What the Number Ate
I. The Loss Is Not Random
A building in Austin generates income. Over twelve months: tenants pay rent, some late, some early. One renews after their competitor closes. The property manager handles a leak that takes three calls. The owner covers an unexpected assessment. Eleven months of mundane reliability and one month of genuine uncertainty.
All of this becomes a single row: Net Operating Income, $847,000.
This is compression. Capital markets exist because of it — you cannot compare two buildings without standardizing their representations. But look at what the $847,000 discarded. The tenant relationship that drove the renewal. The property manager’s judgment about the leak. The competitor closure that changed the probability. The number kept what could be verified and ate everything else.

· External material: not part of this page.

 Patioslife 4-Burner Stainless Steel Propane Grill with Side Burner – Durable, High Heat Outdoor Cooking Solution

That tradeoff is usually worth it. A REIT investor with 200 properties needs comparable numbers — nobody wants 200 narrative accounts of tenant relationships. The $847,000 is good enough for the portfolio investor. For the single-asset buyer doing direct due diligence, it fails them completely.

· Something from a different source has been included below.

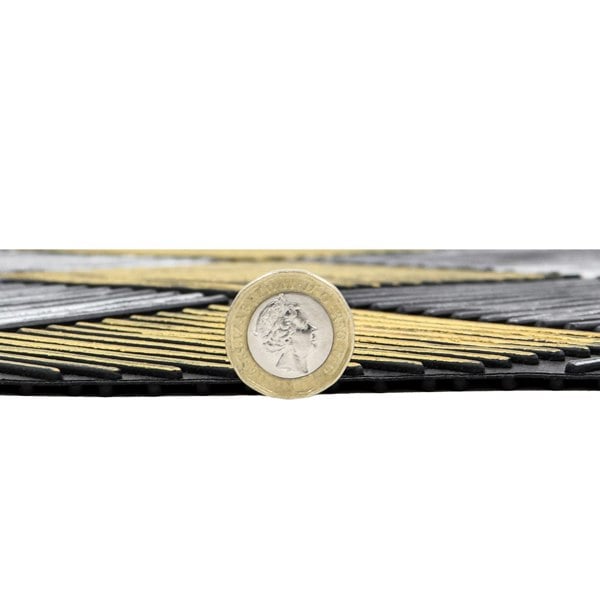 JVL Platina Scraper Rubber Doormat, 40x70cm, Silver/Gold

That loss is also directional. Financial compression is biased toward auditability and away from what would help you predict. For example, the lease term is in the rent roll because it’s verifiable. The tenant’s likelihood of renewal is not, because it’s judgment. For the investor, the assessment of renewal probability is probably more useful.
Even the verifiable part has discretion baked in. Two accountants can produce different NOIs from the same building without either of them being wrong (e.g. depreciation method, expense classification, revenue timing, and so on).
The loss is also invisible. A zip file knows it’s compressed. The $847,000 arrives with no metadata about what was included or excluded. The format has no way to describe what it left out.
II. Claims, Not Measurements
A thermometer measures temperature. If it reads 72 and the room is 68, the thermometer is wrong.
Financial numbers don’t work this way. When a company reports $2.3 billion in quarterly revenue, that number passed through recognition policies, cutoff decisions, and judgment calls about contingencies — all made by people with interests, under time pressure, following rules that permit discretion.
A 10-K is produced under real constraints — GAAP, SOX controls, audit standards, restatement risk. These constraints work. But the 10-K still has to satisfy SEC requirements while minimizing legal liability, and that leaves room. Authors make choices within the rules, and those choices tend toward what survives audit over what would actually help you predict.
III. Model the Compressor
What does it mean to be good at reading financial numbers?
The obvious answer is technical skill — better models, deeper accounting knowledge. But technical skill operates on the numbers as given. It cannot recover what the compression discarded.
A different skill matters more: modeling the compressor. If every number is a claim by an author optimizing for audit survival, understanding the number requires understanding the author. What pressures were they under? Where did they have discretion? What would they have wanted to emphasize?
A 10-K is evidence of what happened and evidence of how the author wanted the reader to see what happened. So channel checks and management meetings matter even though they look nothing like analysis. They provide information about the compression process itself — metadata the format can’t carry.
In practice: a company reports flat revenue but cash collections are declining and receivables are growing. The number says stable. The compression hid a deterioration. Why would management want to show flat revenue? What recognition choices would produce that? What does the cash flow statement say that the income statement doesn’t? You learn to read the gaps between the numbers the author chose to show you.
This skill is rarer than it should be outside of wallstreet. Years of being rewarded for reading numbers one way trains you to miss what the numbers can’t say. The engineer who has processed numerical datasets reaches for that frame when encountering finance. Soft information is filtered out, not from laziness but because the trained frame doesn’t flag it.
And institutional incentives reinforce this as any documented uncertainty becomes a litigation risk. “I considered 11% but chose 10.5%” would be a liability - so the rational analyst hides the range.
IV. Reference Numbers
Some financial numbers become the reference points that everyone uses. A cap rate, a credit rating, a stock price — people build contracts around them, make decisions off them, treat them as shared facts.
The problem is nobody audits the inputs with the same intensity they trust the output. The reference number looks clean. The claims that built it were not. The longer the chain between raw reality and the reference number, the more compression and flattery accumulates — and the less anyone can trace what went in.
That’s 2008. Originators chose and paid the agency rating their loans. Buyers did almost no loan-level due diligence. Correlation assumptions in CDO models were untested. Every link in the chain had misaligned incentives, and the compression made it invisible. A functioning index fund is also compression — but without the misalignment at every handoff. In 2008 you had both, feeding a rating that synchronized trillions. When it broke, everyone broke together.
Most numbers you trust were produced under constraints that don’t prioritize your needs. The precision is the problem. It can make you forget there was ever a range.